The goal was to show a simple yet informative demonstration of Benford’s Law. This law states that with most types of data, the leading digit is a 1 almost one-third of the time, with that probability decreasing as the digit (from 1 to 9) increases. That is, rather than the probability of being a leading digit being equal for each number 1 through 9 the probabilities range from about 30% (for a 1) to about a 4% (for a 9).
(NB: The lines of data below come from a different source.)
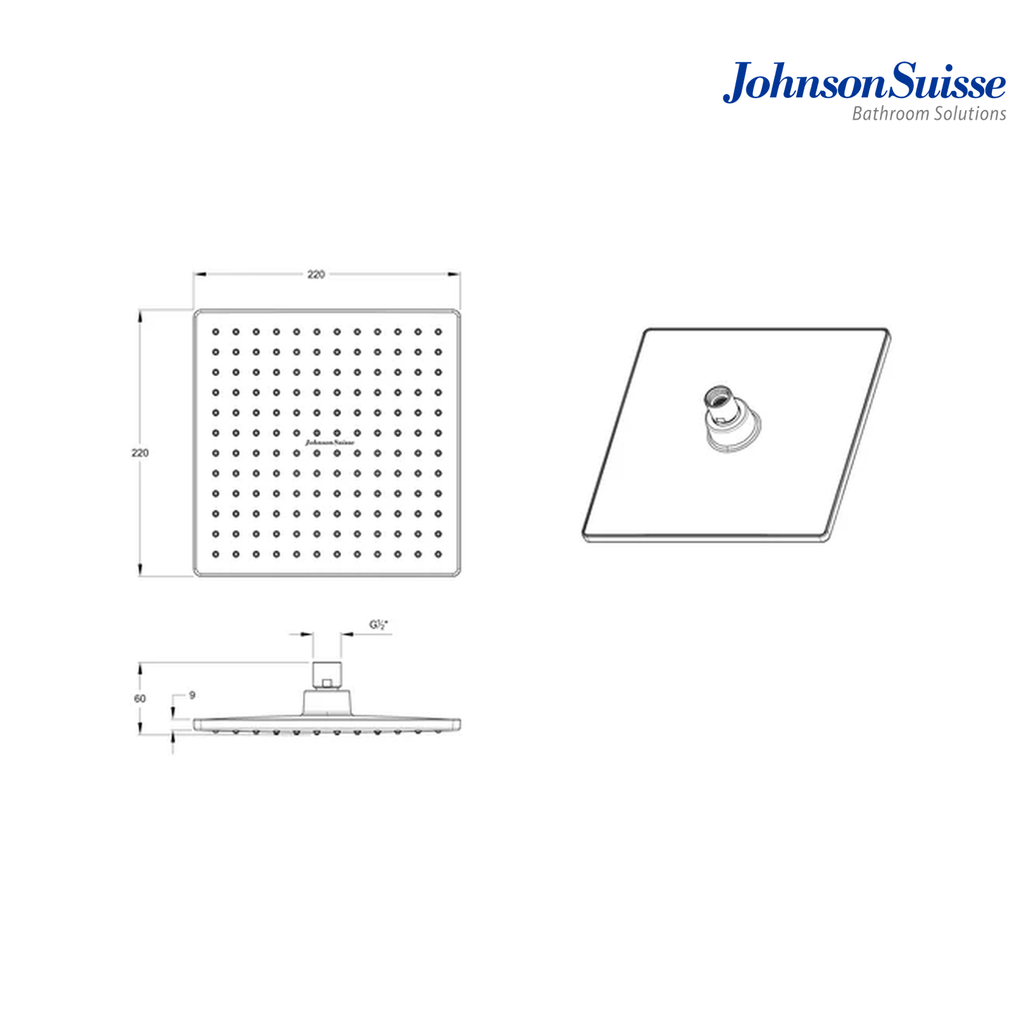 Johnson Suisse Pacific-N WBFA301642CP 220mm Square Fixed Shower Head | Chrome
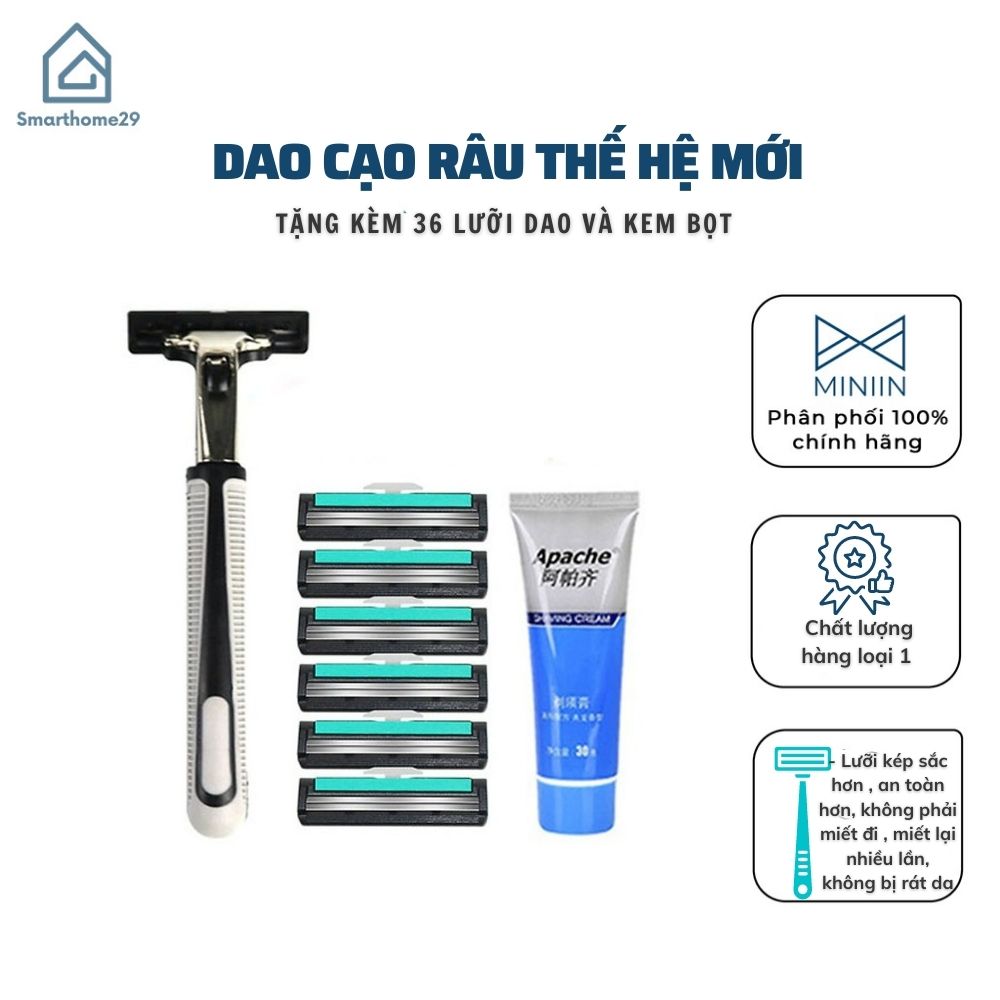 Bộ Máy Dao Cạo Râu 36 Lưỡi Cho Nam Tặng Kèm 1 Tuýt Kem Tạo Bọt - Hàng Loại 1. Chính Hãng MINIIN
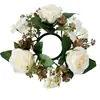 Guirlanda de Velas Simulada com 3 Rosas e Pequenas Flores Silvestres para Decoração de Casa no Dia dos Namorados e Mesa de Halloween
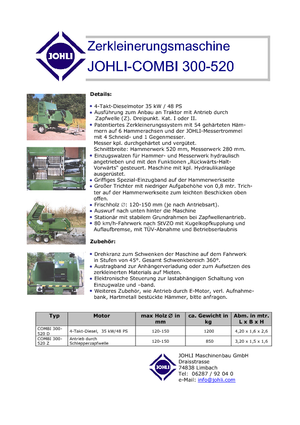 Sjekači drva Johli Combi 300 - 520 D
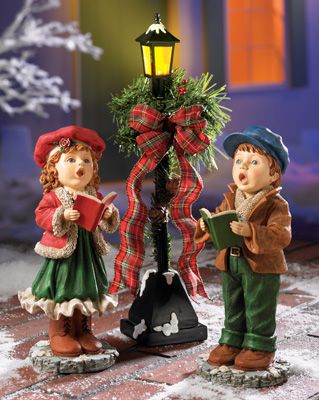 Christmas Carollers Figurine Set Christmas Carolers Decorations, Christmas Hanging Baskets, Christmas Carolers, Indoor Holiday Decor, Kids Singing, Street Corner, Collections Etc, Christmas Baskets, Christmas Yard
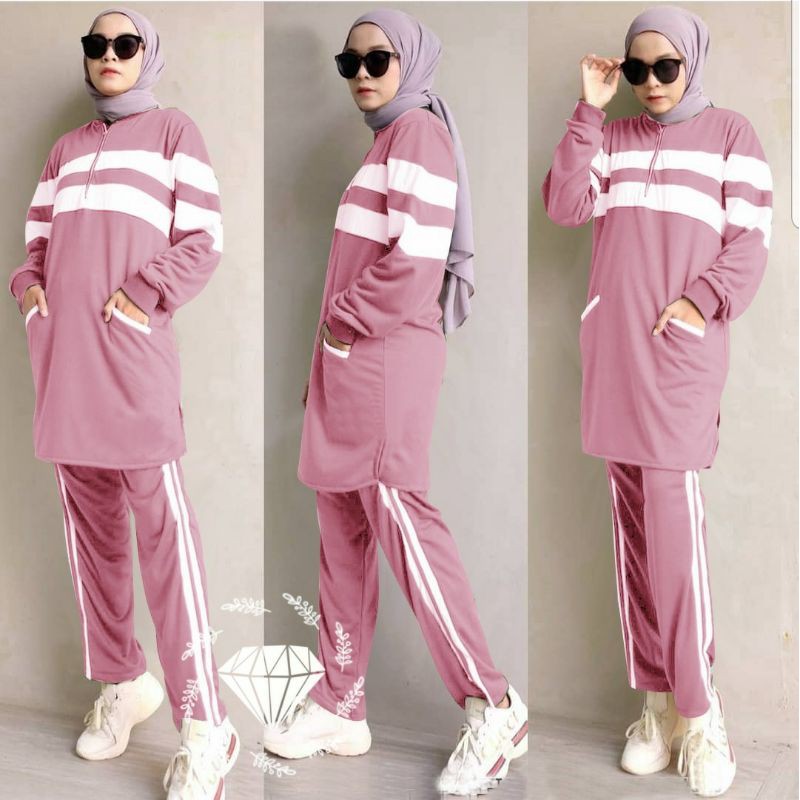 PCS SET BASICLINE FASHION PAKAIAN WANITA SETELAN ATASAN BUSUI DAN CELANA BABYTERRY MS ADA VIDEO REAL PICT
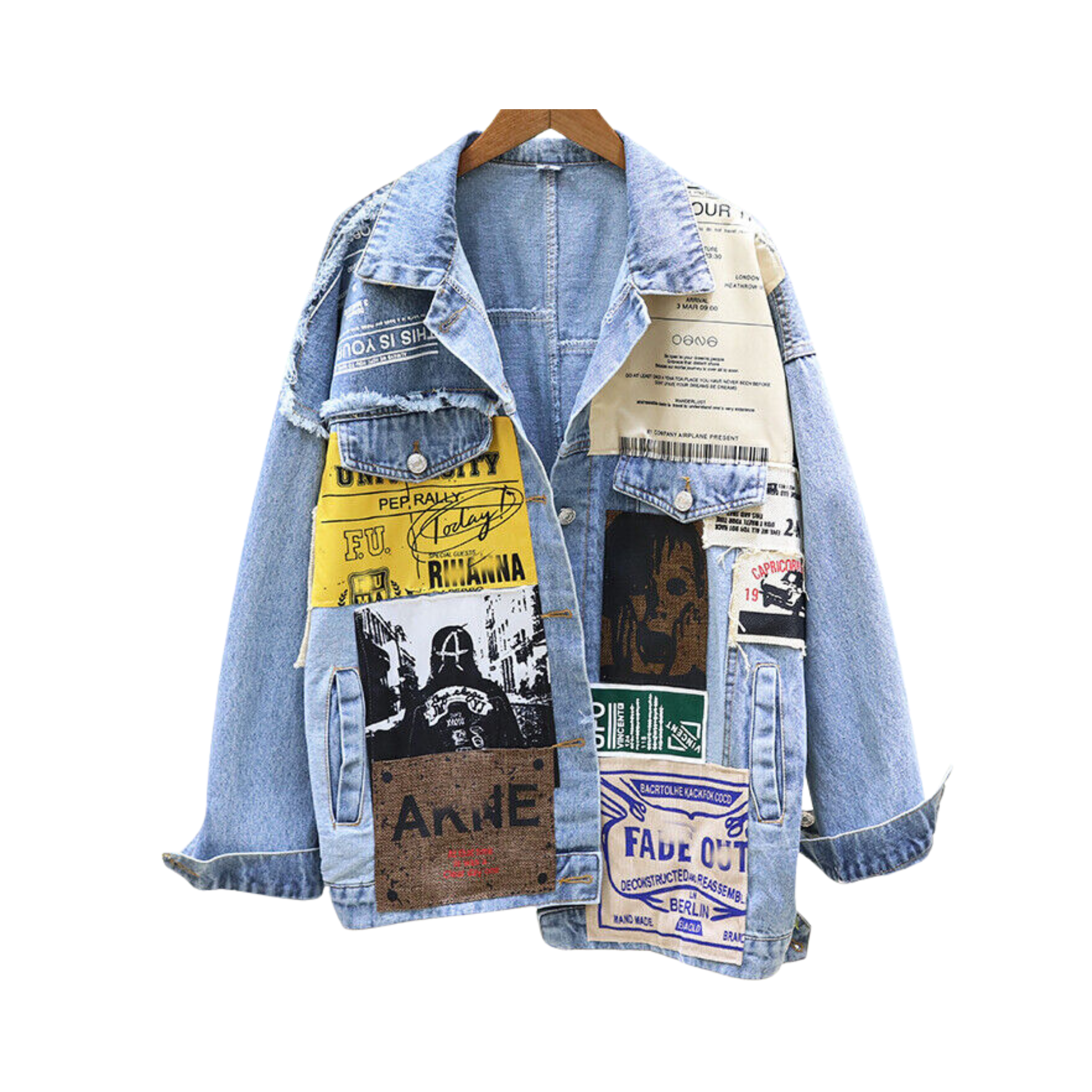 Pop Culture Appliques Denim Jacket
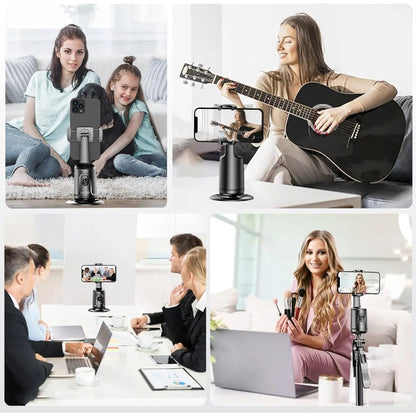 Smart Auto Face Tracking Phone Holder – Hands-Free 360° Rotation, No App Required for Video & Live Streaming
For the first graph, I wanted to show how quickly the law breaks down after the leading digit (that is, I wanted to see if the second and third digit distributions were more uniform). I took a set of 10,000 randomly generated numbers, took the first three digits of each number, and created a data set out of them. I then calculated the proportion of 1’s, 2’s, 3’s…9’s in each digit place and plotted them against Benford’s proposed proportions. Because it took me literally two hours to plot those stupid errors of estimate lines correctly (the vertical red ones), I just did them for the leading digit.

For the second graph, I took a data table from Wikipedia that listed the size of over 1,000 lakes in Minnesota (hooray for Wiki and their large data sets). I split the data so that I had only the first number of the size of the lakes, then calculated the proportion of each number. I left out the zeros for consistency’s sake. I did the same with the first 10,000 digits of pi, leaving out the zeros and counting each number as a single datum. I wanted to see, from the second graph, how Benford’s law applied to “real life” data and to a supposedly uniformly-distributed set of data (pi!).

Yes, this stuff is absolutely riveting to me. I had SO MUCH FUN doing this.